Tuesday, April 26, 2011

The death of top draft pick Len Bias had an effect

Everybody says it’s KG’s team, but Perk was down there doing all of the dirty work, and you need a guy like that.” That’s as close to saying the unspoken, which we haven’t heard in Boston since the surprising trade Ray Ban Sunglassesc. The Celtics Sunday blew a 25-point lead but squeaked by Minnesota, and had lost six of their last 10 and hadn’t looked very good or interested. Coach Doc Rivers dismissed any injuries saying last week, “It’s all mental. Our attitude shocks me. Right now I think we’ve just become very, very selfish. Not just in trying to get our own, but everything is about how we’re playing individually. You can see it. A guy struggles, he mopes. Everything is me, me, me Burberry Sunglasses.”

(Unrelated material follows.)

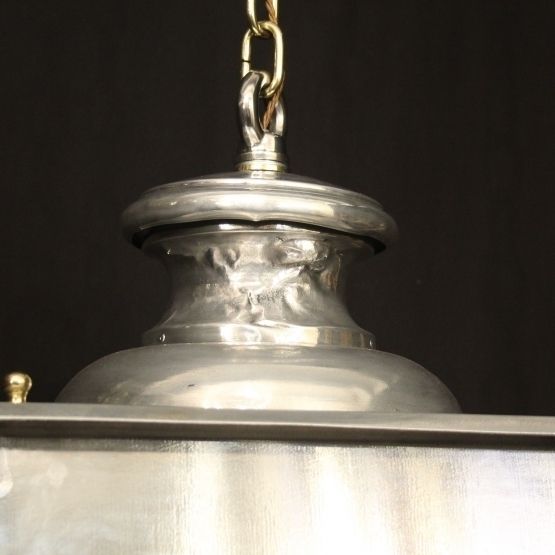 Large Oversized French Steel & Brass 4 Light Antique Lantern photo vintage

Rivers’ sad players were, “Feeling sorry for themselves, instead of giving themselves to the team and playing. You can just see it manifest itself throughout the team.” Rajon Rondo, for one, Perkins’ closest friend, has been a basket case, shooting 33 percent the last 10 games and averaging only about seven assists. And they pad his stats in Boston. What it seems more like is the players either realize or believe management has sold them out. The Perkins trade for Jeff Green seems clearly for the future, and with some foresight Miu Miu Sunglasses. Especially for someone like GM Danny Ainge, who played for the Celtics when they began their slide in the late 1980s. The death of top draft pick Len Bias had an effect.